The influencer
As one of the greatest musical educators once sang, let’s start at the very beginning. Dartington is the great-grandparent of music summer schools, and has clearly influenced all the other subsequent enterprises. It was founded at Bryanston School in 1948 in a blaze of post-war egalitarian optimism by William Glock, a pianist and music critic who later went on to become BBC Controller of Music. It was set up to offer professionals and skilled amateurs a chance to gather and work in convivial surroundings, and unlike many other post-war social experiments (fancy some nice concrete brutalism and high-rise social housing, anyone?) it has stood the test of time. This is all the more surprising considering Glock’s reputation for blacklisting contemporary composers who dared to write in a tonal and melodic idiom. What might have become a dry and arid niche school has flowered into a welcoming space for all musicians – conductors, composers and administrators, as well as performers on all instruments.

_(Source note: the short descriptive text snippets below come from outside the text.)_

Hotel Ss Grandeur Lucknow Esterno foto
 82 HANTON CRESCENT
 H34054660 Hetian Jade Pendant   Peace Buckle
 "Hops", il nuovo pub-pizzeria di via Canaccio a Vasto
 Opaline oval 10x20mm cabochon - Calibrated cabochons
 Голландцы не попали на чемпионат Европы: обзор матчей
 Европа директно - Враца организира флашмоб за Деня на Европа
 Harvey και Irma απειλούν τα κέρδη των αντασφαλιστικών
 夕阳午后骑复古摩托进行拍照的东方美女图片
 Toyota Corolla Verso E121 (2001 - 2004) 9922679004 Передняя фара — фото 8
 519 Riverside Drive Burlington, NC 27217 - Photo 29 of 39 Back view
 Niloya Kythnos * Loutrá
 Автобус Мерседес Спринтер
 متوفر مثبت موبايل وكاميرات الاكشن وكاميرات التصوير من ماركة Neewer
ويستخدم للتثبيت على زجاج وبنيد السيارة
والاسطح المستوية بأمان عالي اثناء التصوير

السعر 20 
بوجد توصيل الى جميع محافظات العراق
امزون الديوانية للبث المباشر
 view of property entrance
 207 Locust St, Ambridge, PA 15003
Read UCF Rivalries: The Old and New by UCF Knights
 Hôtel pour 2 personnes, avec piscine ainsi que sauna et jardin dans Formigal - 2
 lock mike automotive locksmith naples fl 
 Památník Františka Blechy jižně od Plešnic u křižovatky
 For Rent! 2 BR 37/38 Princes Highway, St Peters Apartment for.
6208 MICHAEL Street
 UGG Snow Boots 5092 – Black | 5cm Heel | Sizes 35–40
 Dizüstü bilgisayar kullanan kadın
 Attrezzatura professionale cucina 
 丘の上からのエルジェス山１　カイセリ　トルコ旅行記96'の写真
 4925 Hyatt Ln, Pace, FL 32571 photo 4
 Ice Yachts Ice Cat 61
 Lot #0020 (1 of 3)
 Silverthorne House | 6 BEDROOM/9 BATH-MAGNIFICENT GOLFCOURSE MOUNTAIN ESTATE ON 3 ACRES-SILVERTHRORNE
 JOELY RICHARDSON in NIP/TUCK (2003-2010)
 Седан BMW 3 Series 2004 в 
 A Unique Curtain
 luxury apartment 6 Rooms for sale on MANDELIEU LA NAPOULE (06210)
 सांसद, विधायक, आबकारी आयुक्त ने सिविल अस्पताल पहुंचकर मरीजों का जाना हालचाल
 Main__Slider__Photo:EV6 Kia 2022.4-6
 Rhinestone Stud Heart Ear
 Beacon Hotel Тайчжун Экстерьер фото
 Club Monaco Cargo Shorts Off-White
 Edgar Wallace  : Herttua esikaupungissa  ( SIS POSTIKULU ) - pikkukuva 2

The school moved to Dartington Hall in 1953, and has remained there ever since. This beautiful medieval estate in Devon was purchased by a couple of wealthy philanthropists in 1925 to be a centre of artistic, agricultural, spiritual and social research, and the polymath ethos continues to this day, aided by the presence of the summer school.
It runs for four weeks (22 July-19 August), and is currently curated by the Radio 3 presenter and author Sara Mohr-Pietsch. Her aim has been to expand the opportunities for collaborative music making. Each week has a different flavour (from Medieval music, via Baroque, to Classical and Contemporary, roughly in chronological order) so the main piano offerings this year are in weeks three and four. They include tuition classes with Florian Mitrea (pictured, top) and Ivana Gavrić, and a course on accompanying singers with pianist Anna Tilbrook and tenor James Gilchrist. Keyboardists wishing to explore the world of the harpsichord could check out the classes with Jane Chapman in week one as well. And as Mohr-Pietsch explained to me when I spoke to her, her aim in the festival is to boost collaborative music making, so that all participants are encouraged to try something new as well: joining a folk choir, for example, or composing a film score. If that floats your boat, then Dartington is the place for you.